Pueden pensar que exagero y que esto son simplemente experiencias anecdóticas, pero no. Son sintomáticas de un machismo estructural bien anclado en todos los ámbitos de la sociedad. En la política, un ámbito tradicionalmente copado por hombres, es especialmente importante que sigamos avanzando hacia la equidad de género y que las mujeres ocupemos puestos de responsabilidad. En ese sentido es un orgullo formar parte del parlamento con el porcentaje de paridad más alto de Europa, pero no es suficiente.

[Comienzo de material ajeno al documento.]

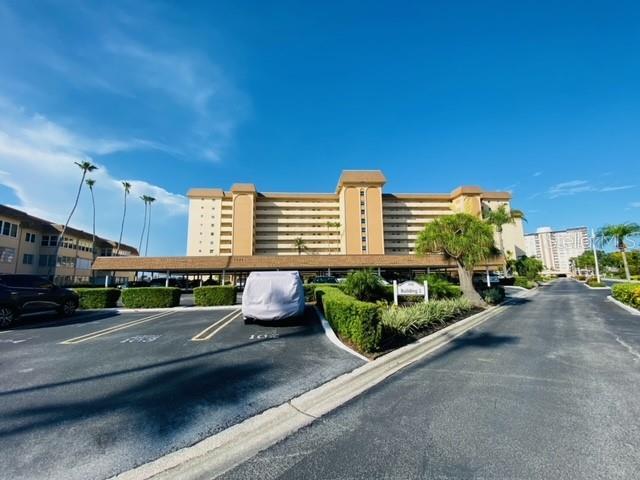 Foto del edificio - 5108 Brittany Dr S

La clave de la igualdad no es solo la representatividad, es la aplicación de políticas feministas que vayan a la raíz de los problemas.
El movimiento feminista en España ha gritado lo obvio: no debería haber ninguna mujer que sienta miedo -ni al salir a la calle sola ni dentro de casa-, no debería haber ese ninguneo y condescendencia hacia las mujeres y no debería apoyarse todo el peso del Estado del Bienestar y los cuidados sobre los hombros de las mujeres.
Para evitar que sigamos viviendo experiencias como estas es imprescindible tener un gobierno progresista que sitúe la vida en el centro de las prioridades y avance hacia un horizonte morado, un gobierno que trabaje para erradicar las violencias machistas, para garantizar que podemos vivir libremente nuestra sexualidad, que tenemos unos servicios públicos de calidad, que tenemos jornadas laborales que nos permiten conciliar y vivir y que nuestras niñas y niños están educados en los valores de la justicia social y la igualdad. Todo eso es feminismo.
Si gobiernan las derechas que nos acusan de mentirosas, de histéricas, que quitan recursos a las víctimas y que pactan con misóginos fascistas, todo esto empeorará. Y si el partido que se dice socialista y feminista prefiere pactar o gobernar con el apoyo de esas derechas en lugar de hacerlo con las que apostamos decididamente por aplicar políticas feministas, también empeorará. Para acabar con el machismo estructural hace falta convertir el “Ni un paso atrás” en políticas públicas dotadas con presupuesto suficiente para llevarlas a cabo. Y hace falta más diálogo empático, hacen falta consensos. Por eso es urgente un gobierno de coalición entre PSOE y Unidas Podemos. Nos jugamos un gobierno feminista para un país que ya lo es.